Quando ci rivolgiamo a qualcuno usiamo mettere insieme segni che nella loro combinazione formano le parole. Le parole si caricano di significati, si trasformano in pensieri, in frasi, in detti che possono gratificare, colpire, offendere, condannare, diventare un boumerang quando chi le pronuncia non ne ha valutato, prima di pronunciarle, il peso.
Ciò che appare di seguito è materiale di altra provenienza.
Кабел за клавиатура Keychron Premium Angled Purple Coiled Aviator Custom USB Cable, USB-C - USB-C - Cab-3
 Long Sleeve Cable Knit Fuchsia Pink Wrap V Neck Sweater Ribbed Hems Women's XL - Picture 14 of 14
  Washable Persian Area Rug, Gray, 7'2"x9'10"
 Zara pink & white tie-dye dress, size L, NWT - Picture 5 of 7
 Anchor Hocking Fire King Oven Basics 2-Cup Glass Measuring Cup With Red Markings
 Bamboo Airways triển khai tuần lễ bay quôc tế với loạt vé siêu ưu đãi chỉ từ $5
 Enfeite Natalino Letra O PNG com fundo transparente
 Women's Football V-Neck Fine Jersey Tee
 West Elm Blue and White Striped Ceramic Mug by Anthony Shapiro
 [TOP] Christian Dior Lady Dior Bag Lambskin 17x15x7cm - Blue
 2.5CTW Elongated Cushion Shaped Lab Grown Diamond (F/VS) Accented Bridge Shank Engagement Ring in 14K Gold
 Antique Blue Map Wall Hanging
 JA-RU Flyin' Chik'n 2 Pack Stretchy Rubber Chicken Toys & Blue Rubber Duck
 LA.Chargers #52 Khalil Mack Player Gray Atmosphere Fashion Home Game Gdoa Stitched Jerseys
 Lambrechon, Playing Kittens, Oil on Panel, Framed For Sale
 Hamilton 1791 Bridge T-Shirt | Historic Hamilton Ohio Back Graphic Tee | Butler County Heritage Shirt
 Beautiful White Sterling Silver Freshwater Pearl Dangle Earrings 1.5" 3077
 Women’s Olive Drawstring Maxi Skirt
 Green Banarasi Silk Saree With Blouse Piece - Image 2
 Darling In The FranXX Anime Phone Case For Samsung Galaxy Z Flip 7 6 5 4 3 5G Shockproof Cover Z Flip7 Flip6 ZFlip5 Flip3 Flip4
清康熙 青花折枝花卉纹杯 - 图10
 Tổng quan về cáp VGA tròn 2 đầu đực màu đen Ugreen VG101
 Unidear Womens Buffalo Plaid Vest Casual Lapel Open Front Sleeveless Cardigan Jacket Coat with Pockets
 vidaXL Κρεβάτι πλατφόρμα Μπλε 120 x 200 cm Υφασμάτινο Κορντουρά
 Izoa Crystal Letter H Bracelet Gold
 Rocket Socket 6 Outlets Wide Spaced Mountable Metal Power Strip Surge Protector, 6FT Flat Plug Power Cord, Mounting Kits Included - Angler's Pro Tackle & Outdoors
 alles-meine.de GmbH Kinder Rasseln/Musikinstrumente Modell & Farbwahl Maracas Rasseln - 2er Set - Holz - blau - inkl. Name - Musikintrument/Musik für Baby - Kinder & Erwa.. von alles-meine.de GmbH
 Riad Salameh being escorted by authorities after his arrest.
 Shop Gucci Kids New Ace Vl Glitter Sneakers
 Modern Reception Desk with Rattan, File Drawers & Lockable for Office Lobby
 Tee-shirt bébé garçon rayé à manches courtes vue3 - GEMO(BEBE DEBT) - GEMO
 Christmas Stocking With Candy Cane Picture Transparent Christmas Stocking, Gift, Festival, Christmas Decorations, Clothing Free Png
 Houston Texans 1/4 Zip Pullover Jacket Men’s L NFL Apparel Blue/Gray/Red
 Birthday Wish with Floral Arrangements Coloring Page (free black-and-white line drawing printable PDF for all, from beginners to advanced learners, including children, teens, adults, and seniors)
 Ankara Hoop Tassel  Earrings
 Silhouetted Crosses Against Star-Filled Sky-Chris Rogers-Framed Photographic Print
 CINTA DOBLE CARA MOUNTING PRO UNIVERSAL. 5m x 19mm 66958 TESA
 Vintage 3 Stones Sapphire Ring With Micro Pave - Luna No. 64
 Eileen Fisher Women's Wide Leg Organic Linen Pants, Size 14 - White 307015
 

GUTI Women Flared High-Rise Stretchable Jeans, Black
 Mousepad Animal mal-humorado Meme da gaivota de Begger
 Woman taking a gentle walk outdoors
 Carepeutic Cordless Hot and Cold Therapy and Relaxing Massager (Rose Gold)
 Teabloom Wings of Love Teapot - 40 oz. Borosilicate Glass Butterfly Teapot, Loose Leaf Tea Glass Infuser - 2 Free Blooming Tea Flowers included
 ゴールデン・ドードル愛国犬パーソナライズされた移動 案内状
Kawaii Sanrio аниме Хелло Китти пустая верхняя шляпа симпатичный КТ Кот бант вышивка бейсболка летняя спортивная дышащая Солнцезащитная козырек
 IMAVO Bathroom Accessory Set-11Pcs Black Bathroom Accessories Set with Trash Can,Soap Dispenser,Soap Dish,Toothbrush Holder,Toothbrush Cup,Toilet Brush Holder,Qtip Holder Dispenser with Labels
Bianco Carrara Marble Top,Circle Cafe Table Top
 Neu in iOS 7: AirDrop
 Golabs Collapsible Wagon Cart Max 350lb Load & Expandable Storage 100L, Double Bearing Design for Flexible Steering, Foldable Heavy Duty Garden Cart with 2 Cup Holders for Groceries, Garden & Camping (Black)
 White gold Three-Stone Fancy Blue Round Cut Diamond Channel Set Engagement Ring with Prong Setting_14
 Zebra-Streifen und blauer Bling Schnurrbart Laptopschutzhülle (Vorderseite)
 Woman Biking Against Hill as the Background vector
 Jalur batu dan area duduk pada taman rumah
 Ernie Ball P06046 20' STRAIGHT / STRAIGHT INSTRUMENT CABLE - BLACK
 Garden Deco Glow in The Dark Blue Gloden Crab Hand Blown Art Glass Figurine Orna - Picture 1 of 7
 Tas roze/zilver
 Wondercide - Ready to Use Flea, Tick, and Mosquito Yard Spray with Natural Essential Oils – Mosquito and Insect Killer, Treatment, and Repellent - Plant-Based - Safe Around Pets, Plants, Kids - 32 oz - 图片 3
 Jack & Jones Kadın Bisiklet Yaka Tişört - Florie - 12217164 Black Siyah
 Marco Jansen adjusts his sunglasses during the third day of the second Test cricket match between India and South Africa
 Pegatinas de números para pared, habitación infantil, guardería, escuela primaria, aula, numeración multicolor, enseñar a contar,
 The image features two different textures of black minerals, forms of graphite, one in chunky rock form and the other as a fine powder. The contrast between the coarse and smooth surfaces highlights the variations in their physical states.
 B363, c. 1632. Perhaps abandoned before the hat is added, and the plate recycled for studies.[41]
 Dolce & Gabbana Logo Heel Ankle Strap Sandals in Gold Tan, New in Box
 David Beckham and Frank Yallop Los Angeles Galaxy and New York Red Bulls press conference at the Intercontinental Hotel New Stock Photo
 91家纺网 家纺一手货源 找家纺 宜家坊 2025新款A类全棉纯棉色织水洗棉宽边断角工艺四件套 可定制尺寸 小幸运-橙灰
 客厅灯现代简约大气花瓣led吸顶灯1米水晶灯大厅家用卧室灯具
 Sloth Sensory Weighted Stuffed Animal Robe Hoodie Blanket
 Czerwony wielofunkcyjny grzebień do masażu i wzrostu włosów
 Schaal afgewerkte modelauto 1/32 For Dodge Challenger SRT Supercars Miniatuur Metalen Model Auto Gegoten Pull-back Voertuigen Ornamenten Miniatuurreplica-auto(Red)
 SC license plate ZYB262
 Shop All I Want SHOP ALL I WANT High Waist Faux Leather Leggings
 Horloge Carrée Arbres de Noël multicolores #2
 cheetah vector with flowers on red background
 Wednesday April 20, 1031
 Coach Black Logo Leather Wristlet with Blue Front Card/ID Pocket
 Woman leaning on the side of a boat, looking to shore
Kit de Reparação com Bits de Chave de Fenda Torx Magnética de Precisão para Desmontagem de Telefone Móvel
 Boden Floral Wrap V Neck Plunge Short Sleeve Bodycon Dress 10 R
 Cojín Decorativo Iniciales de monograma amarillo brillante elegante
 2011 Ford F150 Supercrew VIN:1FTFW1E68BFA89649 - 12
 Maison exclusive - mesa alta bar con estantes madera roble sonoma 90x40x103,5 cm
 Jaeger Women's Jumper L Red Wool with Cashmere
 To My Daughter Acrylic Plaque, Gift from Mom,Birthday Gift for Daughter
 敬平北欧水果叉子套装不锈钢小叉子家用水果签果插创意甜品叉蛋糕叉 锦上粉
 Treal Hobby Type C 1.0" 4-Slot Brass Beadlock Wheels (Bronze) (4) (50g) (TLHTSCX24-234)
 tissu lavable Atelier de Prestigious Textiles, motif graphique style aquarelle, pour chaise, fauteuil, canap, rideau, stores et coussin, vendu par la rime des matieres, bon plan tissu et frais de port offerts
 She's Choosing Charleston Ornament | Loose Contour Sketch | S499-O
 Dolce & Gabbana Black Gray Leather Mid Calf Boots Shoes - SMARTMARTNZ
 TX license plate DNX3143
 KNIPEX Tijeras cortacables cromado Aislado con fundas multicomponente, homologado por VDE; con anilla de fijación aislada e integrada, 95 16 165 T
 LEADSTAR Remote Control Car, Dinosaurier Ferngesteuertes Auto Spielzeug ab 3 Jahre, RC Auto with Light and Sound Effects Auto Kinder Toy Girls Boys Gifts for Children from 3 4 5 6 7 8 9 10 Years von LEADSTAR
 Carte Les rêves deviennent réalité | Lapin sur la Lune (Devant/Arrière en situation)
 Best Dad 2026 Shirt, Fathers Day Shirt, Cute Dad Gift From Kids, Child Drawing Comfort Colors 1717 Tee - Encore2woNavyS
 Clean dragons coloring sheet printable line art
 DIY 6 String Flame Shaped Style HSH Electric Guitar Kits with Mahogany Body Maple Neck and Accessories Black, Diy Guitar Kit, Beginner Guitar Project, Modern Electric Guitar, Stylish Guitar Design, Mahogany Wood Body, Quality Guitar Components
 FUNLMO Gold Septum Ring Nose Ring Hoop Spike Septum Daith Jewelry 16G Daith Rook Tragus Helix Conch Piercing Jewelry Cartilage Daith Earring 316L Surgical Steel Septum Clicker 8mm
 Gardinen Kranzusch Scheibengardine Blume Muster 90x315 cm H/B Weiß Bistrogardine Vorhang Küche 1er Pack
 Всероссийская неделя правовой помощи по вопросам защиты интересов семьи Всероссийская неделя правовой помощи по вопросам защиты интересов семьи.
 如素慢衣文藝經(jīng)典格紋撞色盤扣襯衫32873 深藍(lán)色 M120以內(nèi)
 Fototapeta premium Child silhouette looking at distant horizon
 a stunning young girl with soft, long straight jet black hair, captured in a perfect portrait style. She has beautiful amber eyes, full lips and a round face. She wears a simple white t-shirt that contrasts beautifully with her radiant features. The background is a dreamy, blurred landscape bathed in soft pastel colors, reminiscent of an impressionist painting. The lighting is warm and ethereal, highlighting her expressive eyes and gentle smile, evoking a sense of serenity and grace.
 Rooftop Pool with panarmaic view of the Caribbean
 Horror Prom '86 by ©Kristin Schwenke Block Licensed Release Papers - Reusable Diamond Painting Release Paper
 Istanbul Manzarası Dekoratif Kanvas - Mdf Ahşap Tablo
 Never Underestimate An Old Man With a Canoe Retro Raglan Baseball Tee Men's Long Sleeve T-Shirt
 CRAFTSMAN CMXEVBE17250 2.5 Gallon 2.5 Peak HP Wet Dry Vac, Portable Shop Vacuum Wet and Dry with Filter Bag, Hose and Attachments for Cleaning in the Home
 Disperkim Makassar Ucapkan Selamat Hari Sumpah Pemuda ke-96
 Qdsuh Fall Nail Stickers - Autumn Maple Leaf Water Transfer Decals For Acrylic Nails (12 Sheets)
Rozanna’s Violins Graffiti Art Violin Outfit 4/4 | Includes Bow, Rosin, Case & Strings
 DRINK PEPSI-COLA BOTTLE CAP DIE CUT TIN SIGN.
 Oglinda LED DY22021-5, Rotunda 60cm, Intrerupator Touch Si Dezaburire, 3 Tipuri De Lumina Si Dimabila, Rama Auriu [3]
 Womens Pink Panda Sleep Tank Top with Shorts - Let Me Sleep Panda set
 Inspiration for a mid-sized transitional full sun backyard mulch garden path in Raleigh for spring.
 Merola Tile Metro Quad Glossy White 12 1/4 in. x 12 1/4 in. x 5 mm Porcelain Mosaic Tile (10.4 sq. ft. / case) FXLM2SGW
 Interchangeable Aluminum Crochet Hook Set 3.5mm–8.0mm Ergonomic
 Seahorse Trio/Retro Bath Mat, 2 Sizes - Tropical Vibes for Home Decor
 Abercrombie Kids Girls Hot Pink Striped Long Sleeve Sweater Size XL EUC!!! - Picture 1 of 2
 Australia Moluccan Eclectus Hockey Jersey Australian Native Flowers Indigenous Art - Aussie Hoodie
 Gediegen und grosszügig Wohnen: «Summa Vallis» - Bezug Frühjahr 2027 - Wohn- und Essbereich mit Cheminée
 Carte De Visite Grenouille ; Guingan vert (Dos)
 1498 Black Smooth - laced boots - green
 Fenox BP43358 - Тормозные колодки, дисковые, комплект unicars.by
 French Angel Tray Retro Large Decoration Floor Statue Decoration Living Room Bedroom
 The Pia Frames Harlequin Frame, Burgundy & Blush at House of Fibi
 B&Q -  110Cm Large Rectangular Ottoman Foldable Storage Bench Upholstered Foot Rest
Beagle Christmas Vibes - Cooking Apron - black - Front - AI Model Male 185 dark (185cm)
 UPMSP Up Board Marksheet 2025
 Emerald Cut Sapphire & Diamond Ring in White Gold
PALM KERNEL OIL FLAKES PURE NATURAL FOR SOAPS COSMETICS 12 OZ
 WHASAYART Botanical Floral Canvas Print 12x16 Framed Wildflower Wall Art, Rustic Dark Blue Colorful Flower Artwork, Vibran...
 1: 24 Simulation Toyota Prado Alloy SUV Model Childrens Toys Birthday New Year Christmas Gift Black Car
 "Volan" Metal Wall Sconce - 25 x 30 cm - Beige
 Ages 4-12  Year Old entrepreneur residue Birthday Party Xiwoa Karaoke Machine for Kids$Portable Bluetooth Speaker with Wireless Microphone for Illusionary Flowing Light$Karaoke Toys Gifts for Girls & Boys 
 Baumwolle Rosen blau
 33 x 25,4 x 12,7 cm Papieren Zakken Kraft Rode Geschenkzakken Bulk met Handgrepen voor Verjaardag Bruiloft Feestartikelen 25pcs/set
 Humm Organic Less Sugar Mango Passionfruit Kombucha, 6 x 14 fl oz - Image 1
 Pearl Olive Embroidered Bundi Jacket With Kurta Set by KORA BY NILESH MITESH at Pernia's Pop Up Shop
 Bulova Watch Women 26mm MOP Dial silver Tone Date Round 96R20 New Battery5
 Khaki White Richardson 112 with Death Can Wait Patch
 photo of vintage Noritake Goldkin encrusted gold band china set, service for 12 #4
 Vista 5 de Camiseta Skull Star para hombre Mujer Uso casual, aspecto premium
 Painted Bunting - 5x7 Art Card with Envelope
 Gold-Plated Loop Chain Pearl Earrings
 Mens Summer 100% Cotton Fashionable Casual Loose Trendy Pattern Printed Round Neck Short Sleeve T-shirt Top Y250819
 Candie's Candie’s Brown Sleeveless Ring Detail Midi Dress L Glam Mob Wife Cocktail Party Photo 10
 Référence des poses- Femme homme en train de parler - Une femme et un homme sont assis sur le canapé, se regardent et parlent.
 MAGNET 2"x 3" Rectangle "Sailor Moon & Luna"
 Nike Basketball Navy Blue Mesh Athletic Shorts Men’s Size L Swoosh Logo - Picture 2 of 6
Tale è stato l’uso della parola “vigliacco”, che ripetuta più volte, con un tono irritato e risentito, ha suscitato in molti risentimento per il senso della parola e per chi l’ha pronunciata in una trasmissione televisiva come Annozero, davanti a un pubblico di giovani, rivolta a un giovane che, condivisibile o no, aveva il solo torto di esprimere democraticamente la propria opinione.
Niente di più triste e deprecabile in un sistema educativo che trova in tali comportamenti e in tali esempi il proprio sfaldamento.
La parola richiede tempo per poter essere combinata e una lunga riflessione prima di essere usata.
La parola non si cancella e una volta detta resta come un marchio.
Si educa con l’esempio, la sferza non appartiene al nostro sistema educativo, o almeno non appartiene a chi identifica l’esempio con l’educazione e la formazione dei nostri giovani.
L'educazione è il cardine della nostra società e tali atteggiamenti e parole non aiutano assolutamente nella formazione, nè offrono esempi positivi.
Gli atteggiamenti violenti e rissosi, espressi in pubblico e nelle sedi istituzionali hanno il solo merito di svilire i nostri valori, i nostri processi educativi e di disorientare gli stessi giovani.
Anch’io ho usato i segni, per combinare parole che mutate in questa mia espressione esprimono il mio disagio a vivere un simile momento nonchè il mio risentimento e rammarico come madre, come insegnante e come cittadina.